In particular, I do not evaluate s 34 in terms of its broad prescription of an appropriate and rational relationship as between the harm sustained by a plaintiff and the amount of damages awarded, to be at all novel. I do not assess s 34 to thereby open up greater opportunities for defendants to contend that a plaintiff has been previously wounded in their reputation under earlier defamatory publications of the same imputation and an earlier circulation of the same imputation as published by defendants - such that the level of damages to which a plaintiff would otherwise be entitled, is now to be diminished.
That outcome would be a very significant alteration to the law of defamation, in particular to principles so long and well-established, as articulated by Dingle. Likewise, nothing in s 38 of the Defamation Act 2005 clearly directs that consequence, in my view. But again, I also wish it to be clear that I am not closing the defendants out of a legitimate cross‑examination of the plaintiff at the trial upon any credibility issues that may legitimately arise concerning his evidence. In that context, I express no present view about whether a legitimate cross-examination might need to traverse into some or all of the materials captured by the defendants in their current schedule to par 14(b).
Nevertheless my assessment in the end is that the defendants' current plea under par 14(b) is crafted as something of a 'Trojan Horse' - to, in effect, circumvent the principles so well established by Dingle, requiring that generally speaking, damage to a plaintiff's reputation caused by other prior publications, is not to be taken account of.
I also record that nothing that I now say bears upon the defendants' right to raise at a trial to prove a plea of bad reputation in mitigation of the plaintiff's damages, if they wish to run that risk. However, the defendants, no doubt for good tactical reasons, have currently not taken that course under their defence pleadings to date.
In my view, par 14(b) must be struck out as failing to disclose any arguable defence ‑ and furthermore as embarrassing, given their present capacity to open the door at a trial to a wholesale admission of a significant amount of irrelevant evidence, and thereby to introduce irrelevant considerations, potentially into a jury trial.

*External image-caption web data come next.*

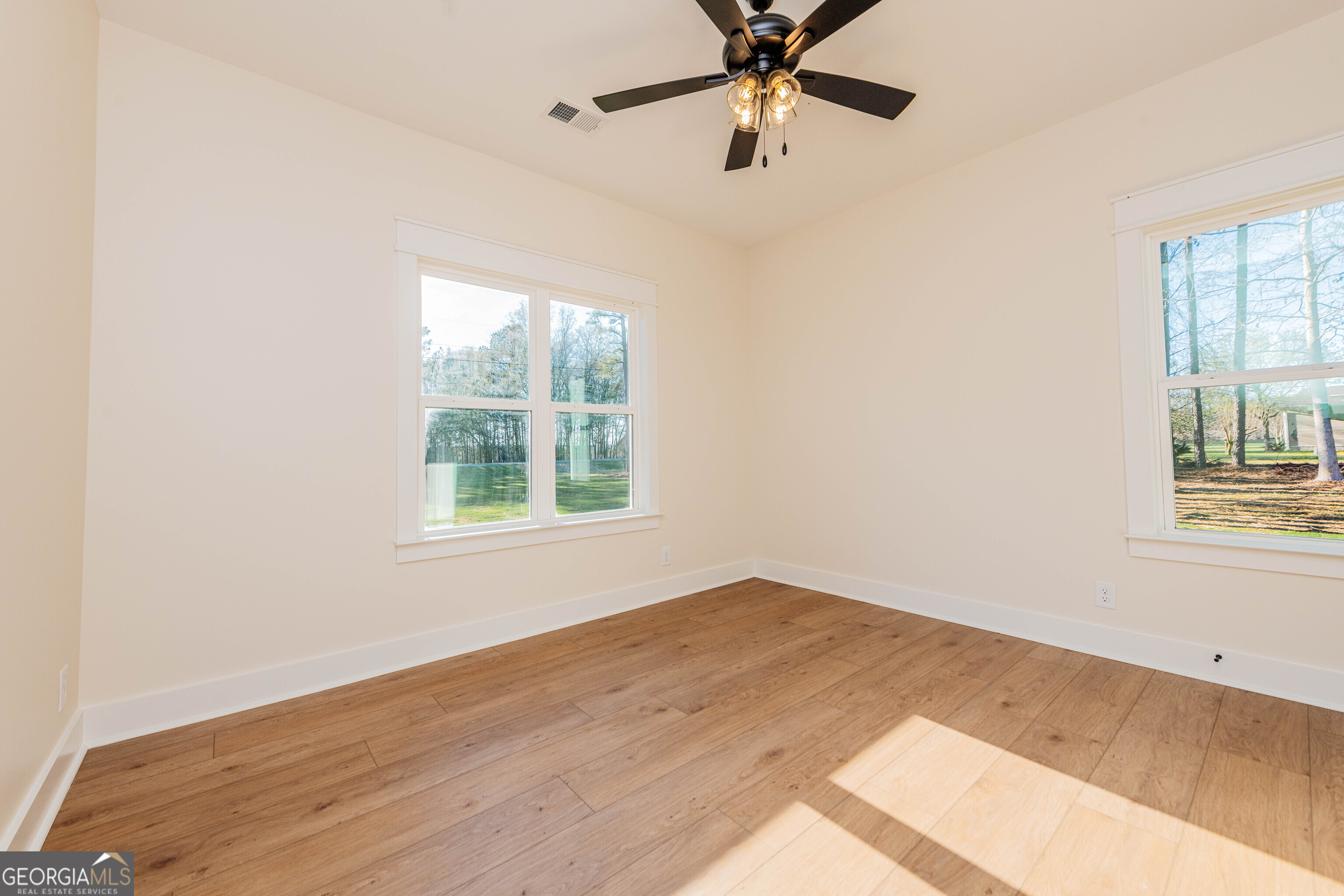 2089 Willow Lake Road Fort Valley, GA 31030 - Photo 38 of 50 an empty room with a window and a fan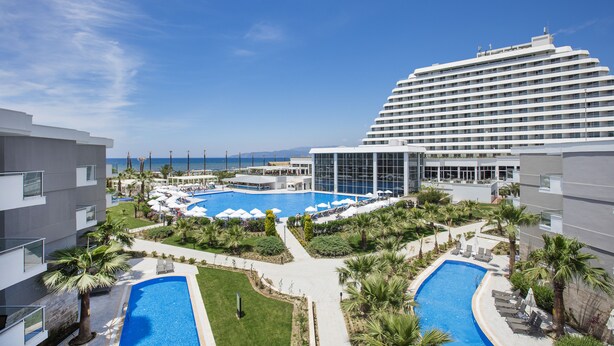 Un hôtel doté d’une grande piscine, de nombreux chaises longues et offrant une vue sur la mer.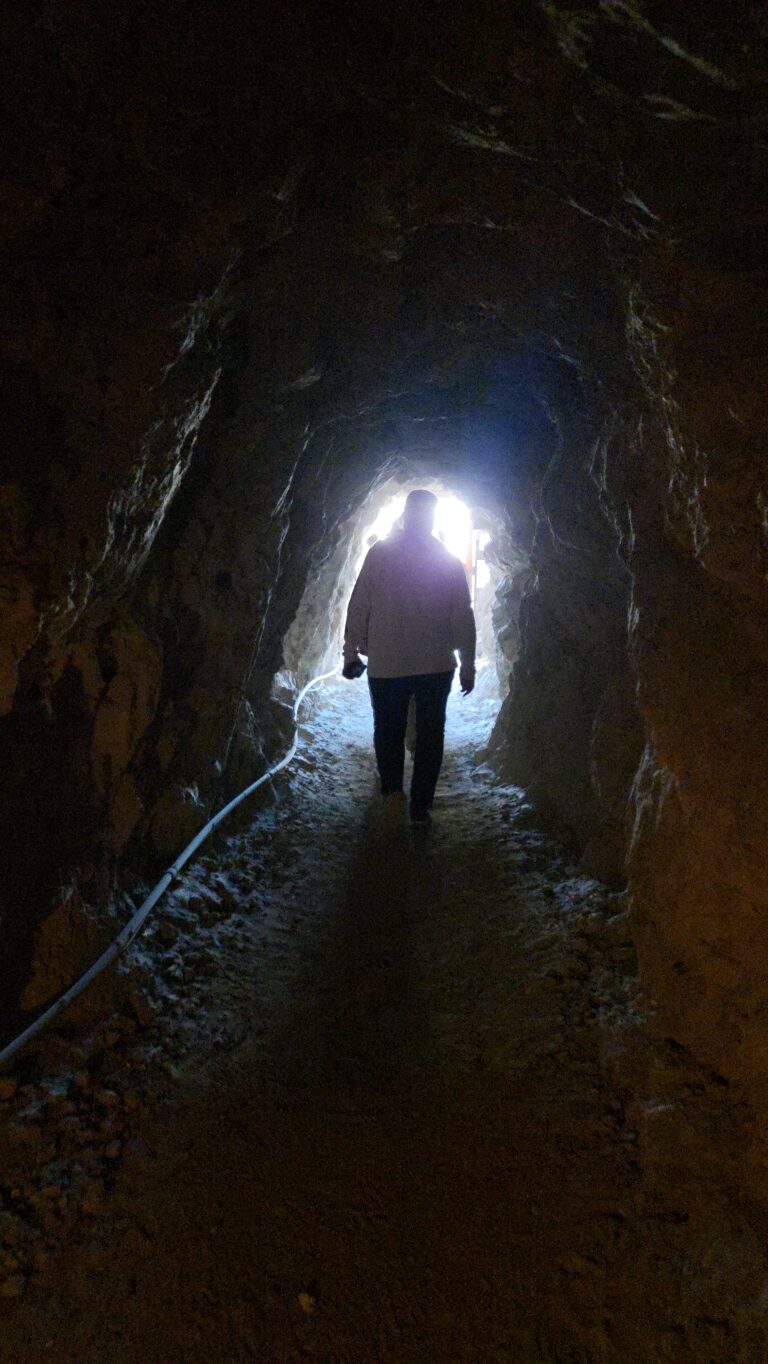 Silhouette of a person in a dim Nevada tunnel near Las Vegas, bright exit ahead; ideal for ATV tours or Colorado River adventures.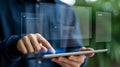 Close-up of hands using a tablet with a floating holographic interface displaying digital information Royalty Free Stock Photo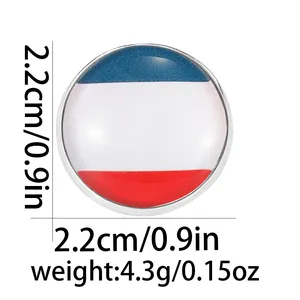 Detail of a 22mm round metal badge featuring red, white, and blue stripes under glass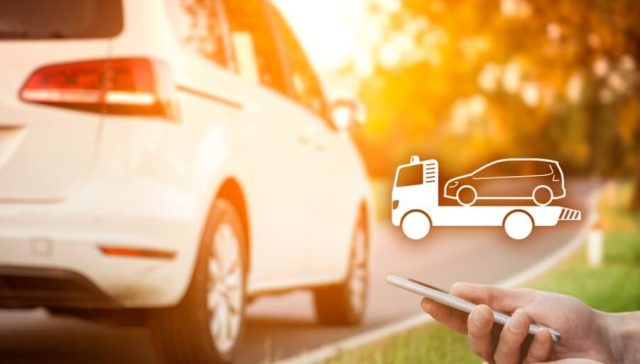 Driver using a smartphone to request roadside assistance for a vehicle on the side of the road, with a tow truck icon overlay, highlighting insurance add-ons like roadside assistance, towing coverage, and emergency breakdown protection.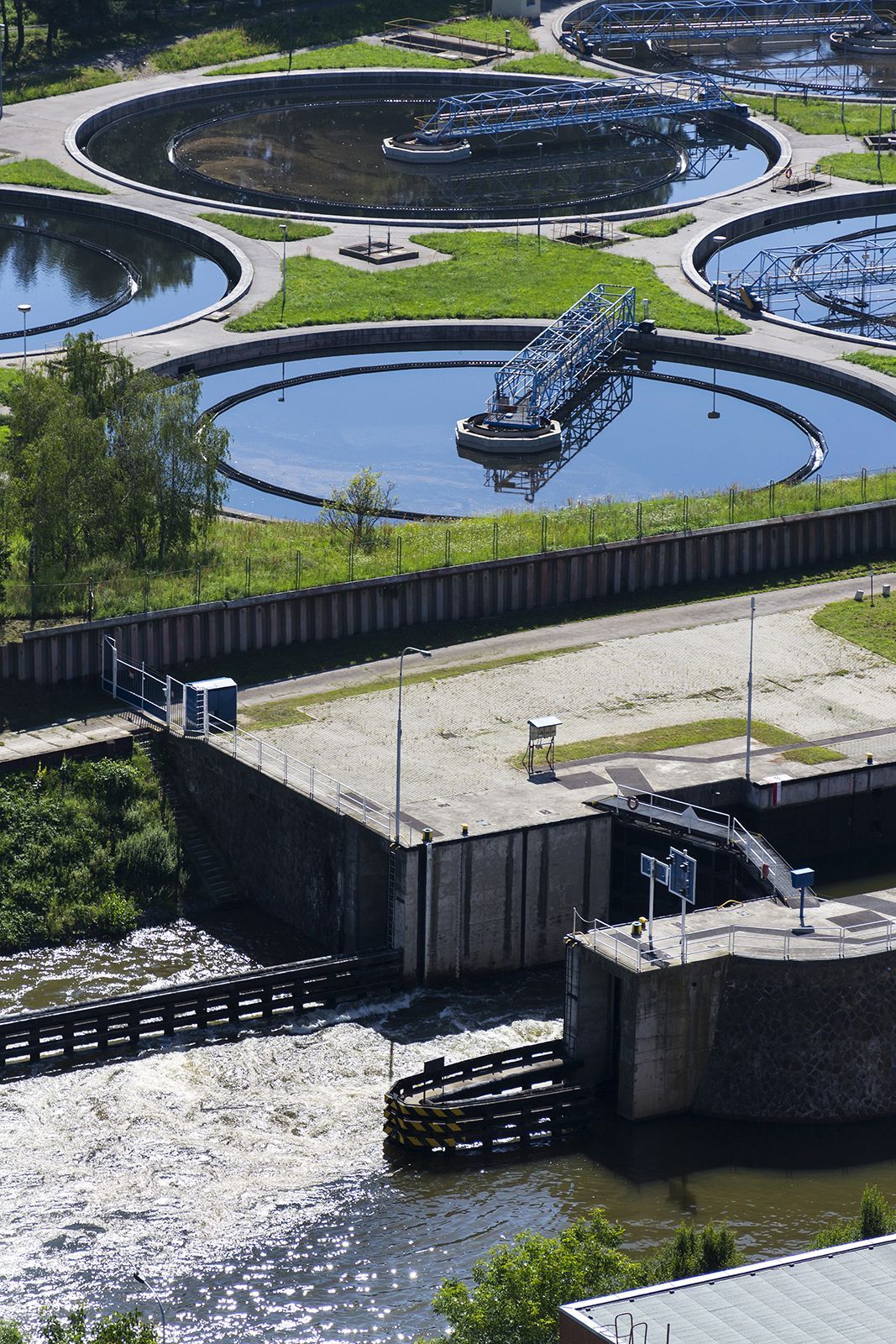 Planta de tratamiento de aguas residuales con tanques circulares y agua fluyendo a través de estructuras de concreto.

Even with the jury confined to assessing liability issues and (some) defences, that outcome is not acceptable.
Conclusion
In the end, pars 9 and 14(b) of the defence must be struck out. The plaintiff as the successful party upon this application should have his taxed costs of the application. The plaintiff's solicitors should file a minute of orders giving effect to these reasons (hopefully by consent following conferral with the defendants) within 14 days of their publication. To the extent that orders cannot be agreed, I will determine any residual disputation on the papers.